• **Activity**:
In the records below, find the line containing "Eforma POLIFEMO ceramic king top table" and retype it and every line after it exactly, adding nothing.
+--
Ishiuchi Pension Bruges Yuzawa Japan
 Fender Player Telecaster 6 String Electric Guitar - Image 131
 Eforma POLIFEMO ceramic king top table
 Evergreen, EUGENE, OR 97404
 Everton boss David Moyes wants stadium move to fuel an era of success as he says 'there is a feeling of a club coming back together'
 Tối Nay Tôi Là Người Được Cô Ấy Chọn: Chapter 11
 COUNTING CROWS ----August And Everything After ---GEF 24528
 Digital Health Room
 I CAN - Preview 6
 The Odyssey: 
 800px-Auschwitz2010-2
+--
• **Problem solution**:
 Eforma POLIFEMO ceramic king top table
 Evergreen, EUGENE, OR 97404
 Everton boss David Moyes wants stadium move to fuel an era of success as he says 'there is a feeling of a club coming back together'
 Tối Nay Tôi Là Người Được Cô Ấy Chọn: Chapter 11
 COUNTING CROWS ----August And Everything After ---GEF 24528
 Digital Health Room
 I CAN - Preview 6
 The Odyssey: 
 800px-Auschwitz2010-2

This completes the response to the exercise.